Vol 4 Page 347
THE SACRED TREE OF KUMBUM
[The Theosophist, Vol. IV, No. 6, March, 1883, pp. 130-31]
Thirty-seven years ago, two daring Lazarist Missionaries who were attached to the Roman Catholic Mission establishment at Pekin, undertook the desperate feat of penetrating as far as Lhasa, to preach Christianity among the benighted Buddhists. Their names were Huc and Gabet; the narrative of their journeys shows them to have been courageous and enthusiastic to a fault. This most interesting volume of travel appeared at Paris more than thirty years ago, and has since been translated twice into English and, we believe, other languages as well. As to its general merits we are not now concerned, but will confine ourselves to that portion—Vol. II, p. 84, of the American edition of 1852—where the author, Mr. Huc, describes the wonderful “Tree of Ten Thousand Images,” which they saw at the Lamasery, or Monastery, of Kumbum, or Kounboum, as they spell it. Mr. Huc tells us that the Tibetan legend affirms that when the mother of Tsong-Kha-pa, the renowned Buddhist reformer, devoted him to the religious life, and, according to custom, she “cut off his hair and threw it away, a tree sprang up from it, which bore on every one of its leaves a Tibetan character.” In Hazlitt’s translation (London, 1852) is a more literal (though, still, not exact) rendering of the original, and from it—pp. 324-6—we quote the following interesting particulars:
Page 348
. . . . There were upon each of the leaves well-formed Thibetian characters, all of a green colour, some darker, some lighter than the leaf itself. Our first impression was a suspicion of fraud on the part of the Lamas; but, after a minute examination of every detail, we could not discover the least deception. The characters all appeared to us portions of the leaf itself, equally with its veins and nerves; the position was not the same in all; in one leaf they would be at the top of the leaf; in another, in the middle; in a third, at the base, or at the side; the younger leaves represented the characters only in a partial state of formation. The bark of the tree and its branches, which resemble that of the plane tree, are also covered with these characters. When you remove a piece of bark, the young bark under it exhibits the indistinct outlines of characters in a germinating state, and what is very singular, these new characters are not infrequently different from those which they replace . . . .
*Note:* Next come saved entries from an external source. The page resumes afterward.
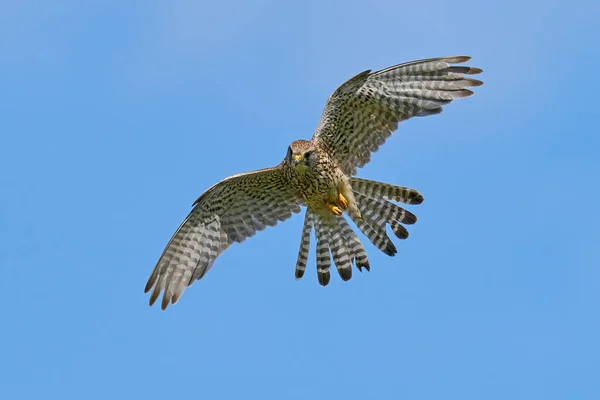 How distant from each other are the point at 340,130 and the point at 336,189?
0.70 m

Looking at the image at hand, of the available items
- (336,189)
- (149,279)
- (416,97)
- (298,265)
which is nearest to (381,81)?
(416,97)

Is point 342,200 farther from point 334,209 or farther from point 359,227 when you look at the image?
point 359,227

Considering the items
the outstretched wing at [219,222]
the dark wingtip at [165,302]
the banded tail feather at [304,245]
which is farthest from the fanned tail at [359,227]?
the dark wingtip at [165,302]

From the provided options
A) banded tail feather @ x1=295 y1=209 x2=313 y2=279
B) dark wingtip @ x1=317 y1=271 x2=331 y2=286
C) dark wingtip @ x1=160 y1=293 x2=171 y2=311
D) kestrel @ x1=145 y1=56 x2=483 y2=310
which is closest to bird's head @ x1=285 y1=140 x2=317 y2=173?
kestrel @ x1=145 y1=56 x2=483 y2=310

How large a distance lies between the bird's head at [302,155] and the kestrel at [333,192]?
0.01m

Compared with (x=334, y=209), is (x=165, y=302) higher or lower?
lower

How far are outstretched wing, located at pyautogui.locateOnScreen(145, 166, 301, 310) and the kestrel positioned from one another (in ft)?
0.04

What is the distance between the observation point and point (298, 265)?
15.8 metres

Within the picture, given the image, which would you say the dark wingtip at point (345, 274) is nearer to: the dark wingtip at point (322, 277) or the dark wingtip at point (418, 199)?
the dark wingtip at point (322, 277)

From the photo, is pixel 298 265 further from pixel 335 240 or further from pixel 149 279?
pixel 149 279

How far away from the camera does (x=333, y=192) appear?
15367mm

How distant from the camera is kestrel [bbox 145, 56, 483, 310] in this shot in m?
15.0

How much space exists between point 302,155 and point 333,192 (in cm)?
68

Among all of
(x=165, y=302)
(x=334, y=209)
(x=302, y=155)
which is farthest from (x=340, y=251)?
(x=165, y=302) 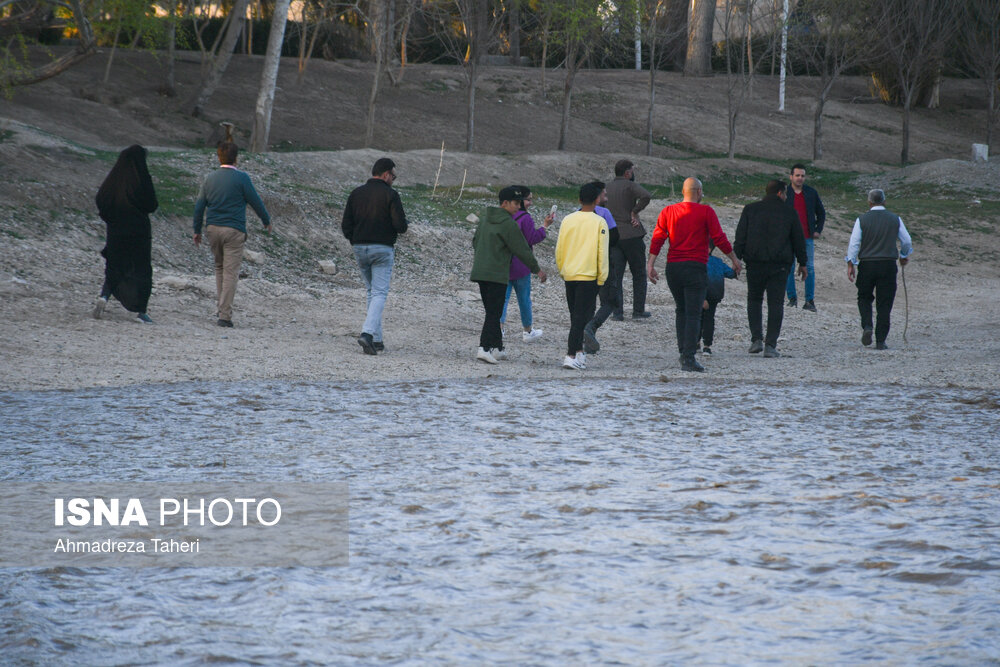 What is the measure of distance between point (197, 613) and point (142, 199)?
792cm

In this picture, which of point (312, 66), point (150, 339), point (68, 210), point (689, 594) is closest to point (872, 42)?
point (312, 66)

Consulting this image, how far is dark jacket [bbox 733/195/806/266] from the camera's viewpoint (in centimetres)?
1099

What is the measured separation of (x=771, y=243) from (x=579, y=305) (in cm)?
242

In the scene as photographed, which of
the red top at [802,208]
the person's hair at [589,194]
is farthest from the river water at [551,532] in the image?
the red top at [802,208]

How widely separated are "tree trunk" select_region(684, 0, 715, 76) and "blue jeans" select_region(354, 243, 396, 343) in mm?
44204

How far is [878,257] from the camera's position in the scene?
12.1 meters

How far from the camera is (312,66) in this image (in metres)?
41.3

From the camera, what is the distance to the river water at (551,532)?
3504 millimetres

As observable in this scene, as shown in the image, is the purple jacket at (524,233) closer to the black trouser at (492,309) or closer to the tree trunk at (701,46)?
the black trouser at (492,309)

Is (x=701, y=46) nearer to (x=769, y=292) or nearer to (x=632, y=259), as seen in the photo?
(x=632, y=259)

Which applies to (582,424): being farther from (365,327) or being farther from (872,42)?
(872,42)

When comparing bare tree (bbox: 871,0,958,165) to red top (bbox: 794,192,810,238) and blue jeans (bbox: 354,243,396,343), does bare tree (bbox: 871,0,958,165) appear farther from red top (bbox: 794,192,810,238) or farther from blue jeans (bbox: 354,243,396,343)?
blue jeans (bbox: 354,243,396,343)

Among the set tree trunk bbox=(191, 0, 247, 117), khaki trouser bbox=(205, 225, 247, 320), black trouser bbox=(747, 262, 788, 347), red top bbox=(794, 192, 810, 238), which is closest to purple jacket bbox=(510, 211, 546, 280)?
black trouser bbox=(747, 262, 788, 347)

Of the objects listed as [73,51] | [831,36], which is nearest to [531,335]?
[73,51] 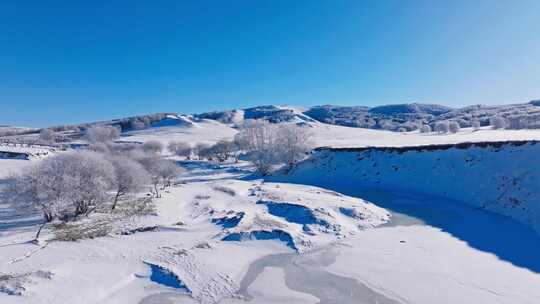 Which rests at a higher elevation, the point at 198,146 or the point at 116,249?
the point at 198,146

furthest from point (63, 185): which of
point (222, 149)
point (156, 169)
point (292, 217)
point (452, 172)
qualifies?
point (222, 149)

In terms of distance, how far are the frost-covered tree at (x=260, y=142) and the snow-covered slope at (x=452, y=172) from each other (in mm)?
7260

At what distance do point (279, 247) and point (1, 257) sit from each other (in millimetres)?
20013

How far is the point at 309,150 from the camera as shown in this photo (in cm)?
7238

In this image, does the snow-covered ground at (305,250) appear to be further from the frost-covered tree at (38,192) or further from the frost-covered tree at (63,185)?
the frost-covered tree at (63,185)

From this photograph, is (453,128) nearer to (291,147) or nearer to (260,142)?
(260,142)

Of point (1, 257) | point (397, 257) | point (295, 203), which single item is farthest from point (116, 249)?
point (397, 257)

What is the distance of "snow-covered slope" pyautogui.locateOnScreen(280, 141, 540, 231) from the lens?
118 ft

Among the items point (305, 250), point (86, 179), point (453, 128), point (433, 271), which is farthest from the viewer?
point (453, 128)

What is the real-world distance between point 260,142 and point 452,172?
4592 centimetres

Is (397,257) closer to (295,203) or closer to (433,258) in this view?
(433,258)

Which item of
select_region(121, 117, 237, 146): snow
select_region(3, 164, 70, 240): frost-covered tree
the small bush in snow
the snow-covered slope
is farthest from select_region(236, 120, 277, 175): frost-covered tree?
select_region(121, 117, 237, 146): snow

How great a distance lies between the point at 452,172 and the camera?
153ft

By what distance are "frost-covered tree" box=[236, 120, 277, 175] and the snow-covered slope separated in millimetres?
7260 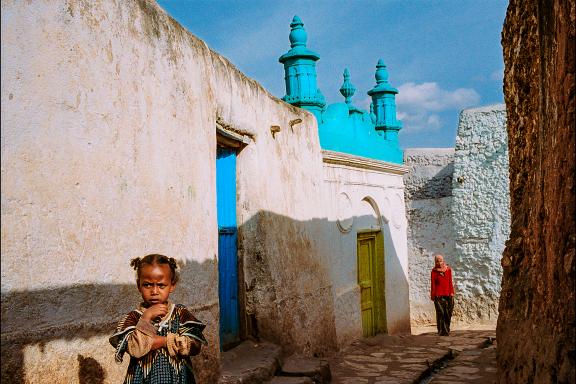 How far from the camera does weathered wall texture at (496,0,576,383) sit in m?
2.74

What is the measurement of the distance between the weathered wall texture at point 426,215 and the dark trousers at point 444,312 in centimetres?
241

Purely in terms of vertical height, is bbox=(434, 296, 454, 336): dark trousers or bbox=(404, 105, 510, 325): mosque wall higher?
bbox=(404, 105, 510, 325): mosque wall

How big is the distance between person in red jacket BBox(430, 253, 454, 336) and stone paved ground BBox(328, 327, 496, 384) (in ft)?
1.30

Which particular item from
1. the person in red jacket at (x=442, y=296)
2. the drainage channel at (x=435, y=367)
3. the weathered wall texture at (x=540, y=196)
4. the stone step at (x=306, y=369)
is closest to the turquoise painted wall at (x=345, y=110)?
the person in red jacket at (x=442, y=296)

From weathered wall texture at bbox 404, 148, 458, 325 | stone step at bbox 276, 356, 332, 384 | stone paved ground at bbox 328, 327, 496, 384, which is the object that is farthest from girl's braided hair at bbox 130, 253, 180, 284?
weathered wall texture at bbox 404, 148, 458, 325

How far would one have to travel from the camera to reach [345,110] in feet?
31.7

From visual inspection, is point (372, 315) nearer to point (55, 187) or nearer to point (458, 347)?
point (458, 347)

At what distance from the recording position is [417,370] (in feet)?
22.9

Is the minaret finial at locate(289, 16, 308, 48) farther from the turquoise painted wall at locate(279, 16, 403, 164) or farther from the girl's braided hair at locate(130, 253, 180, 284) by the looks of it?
the girl's braided hair at locate(130, 253, 180, 284)

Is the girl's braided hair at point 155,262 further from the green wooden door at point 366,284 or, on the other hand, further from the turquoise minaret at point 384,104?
the turquoise minaret at point 384,104

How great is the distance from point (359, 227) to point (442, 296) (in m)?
1.93

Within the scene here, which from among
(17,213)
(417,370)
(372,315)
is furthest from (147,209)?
(372,315)

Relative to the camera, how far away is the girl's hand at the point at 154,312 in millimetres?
2812

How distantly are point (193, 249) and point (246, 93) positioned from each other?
6.54 feet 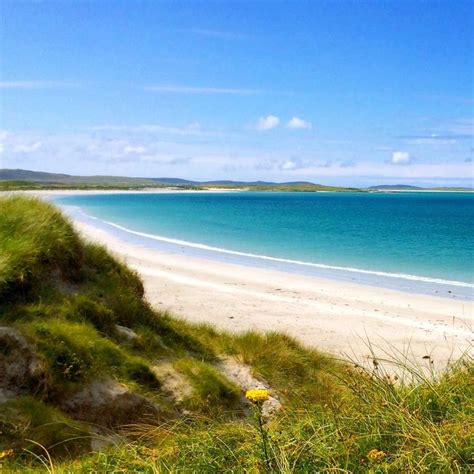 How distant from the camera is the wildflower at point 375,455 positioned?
332 cm

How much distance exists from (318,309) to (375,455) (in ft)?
51.6

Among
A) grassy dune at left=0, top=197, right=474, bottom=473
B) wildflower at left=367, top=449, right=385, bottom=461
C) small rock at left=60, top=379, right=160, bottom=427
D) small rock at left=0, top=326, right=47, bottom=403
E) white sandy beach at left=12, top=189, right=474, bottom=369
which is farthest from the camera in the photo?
white sandy beach at left=12, top=189, right=474, bottom=369

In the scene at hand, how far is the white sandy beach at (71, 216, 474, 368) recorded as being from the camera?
14625mm

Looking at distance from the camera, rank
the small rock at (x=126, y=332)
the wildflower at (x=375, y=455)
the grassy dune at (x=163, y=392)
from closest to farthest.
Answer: the wildflower at (x=375, y=455)
the grassy dune at (x=163, y=392)
the small rock at (x=126, y=332)

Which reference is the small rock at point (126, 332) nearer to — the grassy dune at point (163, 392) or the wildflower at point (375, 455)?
the grassy dune at point (163, 392)

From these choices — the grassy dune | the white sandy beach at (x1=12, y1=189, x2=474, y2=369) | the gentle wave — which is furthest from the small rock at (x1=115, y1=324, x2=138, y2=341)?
the gentle wave

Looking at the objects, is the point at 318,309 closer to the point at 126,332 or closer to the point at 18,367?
the point at 126,332

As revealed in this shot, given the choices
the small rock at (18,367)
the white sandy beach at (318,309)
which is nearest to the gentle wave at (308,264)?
the white sandy beach at (318,309)

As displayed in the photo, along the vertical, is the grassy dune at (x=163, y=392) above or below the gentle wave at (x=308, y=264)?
above

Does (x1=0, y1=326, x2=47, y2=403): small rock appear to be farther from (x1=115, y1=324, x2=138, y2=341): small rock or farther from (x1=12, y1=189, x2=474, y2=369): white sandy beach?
(x1=12, y1=189, x2=474, y2=369): white sandy beach

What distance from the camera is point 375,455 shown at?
10.9ft

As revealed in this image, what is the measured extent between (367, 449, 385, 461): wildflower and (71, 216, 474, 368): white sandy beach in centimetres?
849

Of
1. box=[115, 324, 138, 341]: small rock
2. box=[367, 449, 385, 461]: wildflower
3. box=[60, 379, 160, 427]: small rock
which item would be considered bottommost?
box=[60, 379, 160, 427]: small rock

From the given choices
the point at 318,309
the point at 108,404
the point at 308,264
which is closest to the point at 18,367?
the point at 108,404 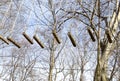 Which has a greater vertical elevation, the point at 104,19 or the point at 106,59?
the point at 104,19

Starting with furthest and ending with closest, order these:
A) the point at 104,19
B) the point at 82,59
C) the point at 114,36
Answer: the point at 82,59 < the point at 104,19 < the point at 114,36

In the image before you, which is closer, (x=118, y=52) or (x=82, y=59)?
(x=118, y=52)

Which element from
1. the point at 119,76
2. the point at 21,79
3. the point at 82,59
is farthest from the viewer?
the point at 21,79

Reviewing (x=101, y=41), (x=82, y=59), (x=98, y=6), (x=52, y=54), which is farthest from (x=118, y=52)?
(x=82, y=59)

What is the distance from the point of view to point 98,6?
11055mm

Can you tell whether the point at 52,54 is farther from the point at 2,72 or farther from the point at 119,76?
the point at 2,72

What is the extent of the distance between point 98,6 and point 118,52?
224 centimetres

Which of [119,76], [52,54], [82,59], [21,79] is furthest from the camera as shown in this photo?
[21,79]

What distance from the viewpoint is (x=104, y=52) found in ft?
35.0

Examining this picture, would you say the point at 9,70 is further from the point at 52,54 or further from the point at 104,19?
the point at 104,19

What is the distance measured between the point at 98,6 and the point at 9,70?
570 inches

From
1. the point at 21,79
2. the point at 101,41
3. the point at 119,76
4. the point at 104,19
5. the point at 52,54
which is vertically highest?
the point at 104,19

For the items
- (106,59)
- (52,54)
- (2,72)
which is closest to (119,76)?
(52,54)

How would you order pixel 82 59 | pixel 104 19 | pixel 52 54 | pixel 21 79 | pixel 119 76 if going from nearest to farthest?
1. pixel 104 19
2. pixel 119 76
3. pixel 52 54
4. pixel 82 59
5. pixel 21 79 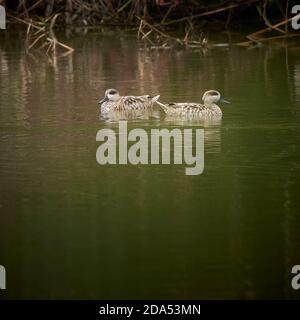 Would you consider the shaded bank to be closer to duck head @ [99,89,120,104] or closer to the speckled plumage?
duck head @ [99,89,120,104]

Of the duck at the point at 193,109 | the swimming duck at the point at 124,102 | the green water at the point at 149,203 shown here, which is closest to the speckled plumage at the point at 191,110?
the duck at the point at 193,109

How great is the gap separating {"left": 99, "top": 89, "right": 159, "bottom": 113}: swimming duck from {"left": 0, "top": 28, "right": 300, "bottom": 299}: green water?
135 mm

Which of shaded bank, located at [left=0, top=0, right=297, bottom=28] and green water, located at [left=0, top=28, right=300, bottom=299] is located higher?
shaded bank, located at [left=0, top=0, right=297, bottom=28]

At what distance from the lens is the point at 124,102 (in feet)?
36.8

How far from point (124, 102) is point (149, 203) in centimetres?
357

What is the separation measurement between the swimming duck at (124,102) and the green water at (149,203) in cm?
13

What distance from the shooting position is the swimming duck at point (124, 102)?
11039 millimetres

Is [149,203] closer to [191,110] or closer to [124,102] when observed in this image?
[191,110]

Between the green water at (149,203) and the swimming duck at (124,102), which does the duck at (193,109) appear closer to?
the green water at (149,203)

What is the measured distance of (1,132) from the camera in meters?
9.98

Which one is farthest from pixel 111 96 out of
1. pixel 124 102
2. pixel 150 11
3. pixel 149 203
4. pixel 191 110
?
pixel 150 11

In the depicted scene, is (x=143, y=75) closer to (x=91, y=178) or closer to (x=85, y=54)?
(x=85, y=54)

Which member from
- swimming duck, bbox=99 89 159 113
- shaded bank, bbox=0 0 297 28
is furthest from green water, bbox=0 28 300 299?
shaded bank, bbox=0 0 297 28

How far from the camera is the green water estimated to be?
6441mm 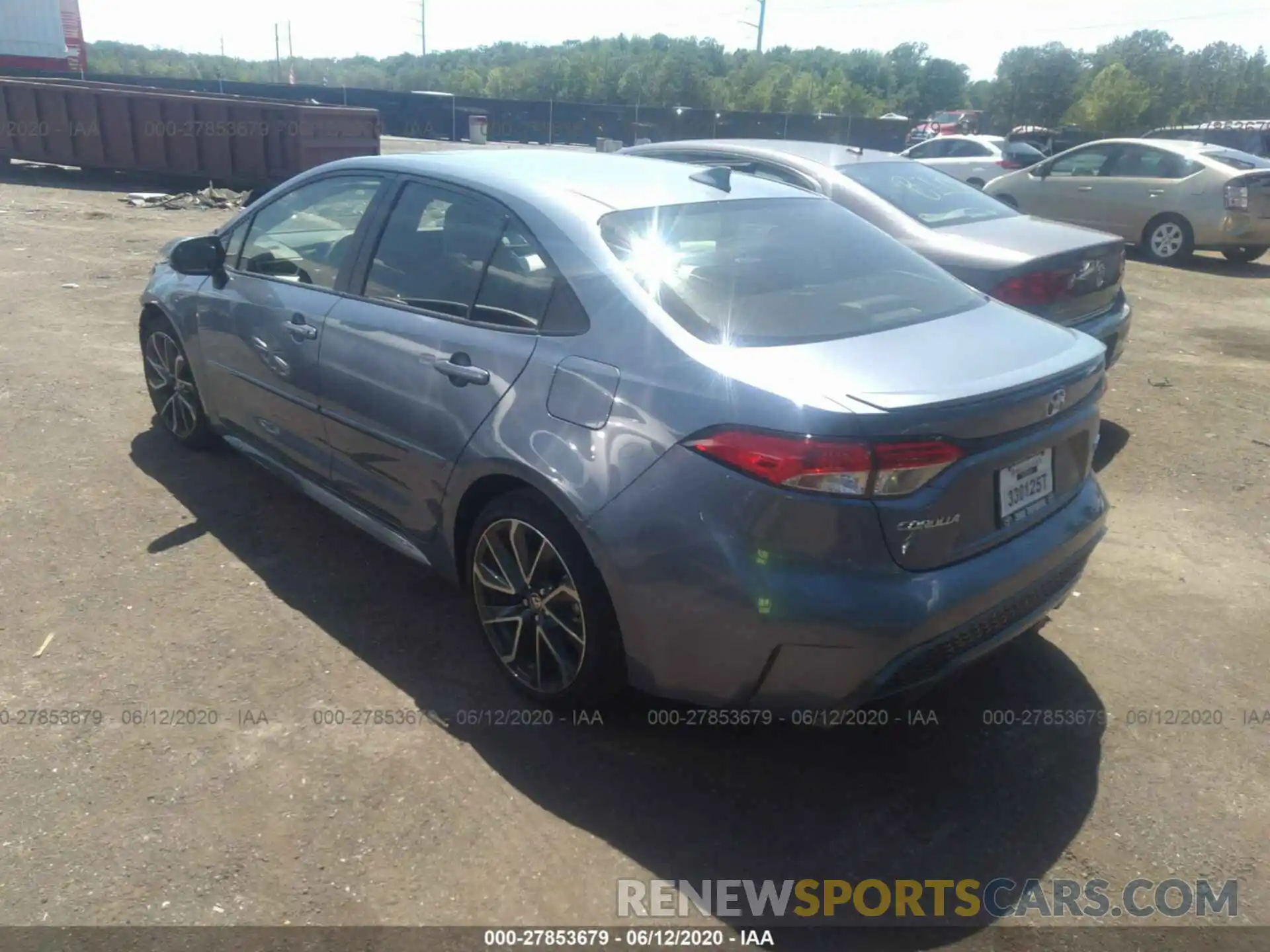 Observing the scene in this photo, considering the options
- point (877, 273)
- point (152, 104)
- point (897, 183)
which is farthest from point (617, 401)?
point (152, 104)

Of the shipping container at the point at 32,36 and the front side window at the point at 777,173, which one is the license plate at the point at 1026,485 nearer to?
the front side window at the point at 777,173

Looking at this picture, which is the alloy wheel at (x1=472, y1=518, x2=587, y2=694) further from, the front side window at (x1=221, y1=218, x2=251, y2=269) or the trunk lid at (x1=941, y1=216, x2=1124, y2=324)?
the trunk lid at (x1=941, y1=216, x2=1124, y2=324)

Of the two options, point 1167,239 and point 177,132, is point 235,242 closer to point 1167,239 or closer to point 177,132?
point 1167,239

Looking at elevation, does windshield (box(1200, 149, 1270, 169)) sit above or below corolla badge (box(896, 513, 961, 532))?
above

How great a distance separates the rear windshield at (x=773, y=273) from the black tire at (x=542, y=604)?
76 cm

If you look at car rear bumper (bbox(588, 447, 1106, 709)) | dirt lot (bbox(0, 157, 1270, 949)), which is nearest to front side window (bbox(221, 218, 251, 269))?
dirt lot (bbox(0, 157, 1270, 949))

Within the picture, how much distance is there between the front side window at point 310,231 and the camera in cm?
399

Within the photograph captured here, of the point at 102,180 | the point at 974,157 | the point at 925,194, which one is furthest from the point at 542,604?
the point at 102,180

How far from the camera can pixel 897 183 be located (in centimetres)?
639

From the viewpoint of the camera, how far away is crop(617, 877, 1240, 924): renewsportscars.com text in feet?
8.26

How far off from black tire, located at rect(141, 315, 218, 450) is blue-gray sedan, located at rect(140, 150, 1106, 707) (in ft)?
3.95

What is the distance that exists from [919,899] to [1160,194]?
1267cm

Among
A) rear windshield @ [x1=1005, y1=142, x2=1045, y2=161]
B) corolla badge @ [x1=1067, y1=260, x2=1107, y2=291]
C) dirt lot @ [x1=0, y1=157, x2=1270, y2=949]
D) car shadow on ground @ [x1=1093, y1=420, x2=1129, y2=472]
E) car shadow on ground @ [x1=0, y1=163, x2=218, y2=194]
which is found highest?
rear windshield @ [x1=1005, y1=142, x2=1045, y2=161]

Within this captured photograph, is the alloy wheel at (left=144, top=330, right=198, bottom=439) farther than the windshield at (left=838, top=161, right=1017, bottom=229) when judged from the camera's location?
No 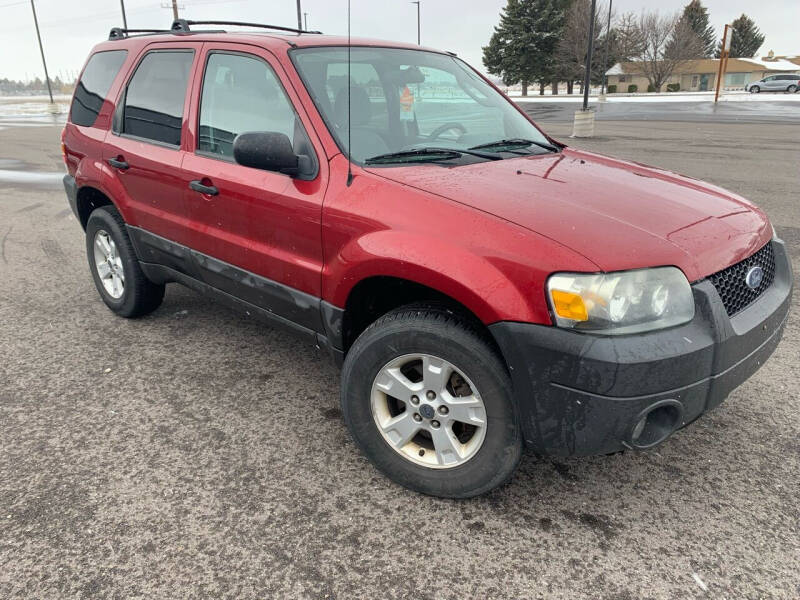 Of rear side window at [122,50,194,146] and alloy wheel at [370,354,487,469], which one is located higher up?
rear side window at [122,50,194,146]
The Tree of the Ten Thousand Images seemed to us of great age. Its trunk, which three men could scarcely embrace with outstretched arms, is not more than eight feet high; the branches, instead of shooting up, spread out in the shape of a plume of feathers and are extremely bushy; few of them are dead. The leaves are always green, and the wood, which is of a reddish tint, has an exquisite odour, something like that of cinnamon. The Lamas informed us that in summer, towards the eighth moon, the tree produces large red flowers of an extremely beautiful character. . . .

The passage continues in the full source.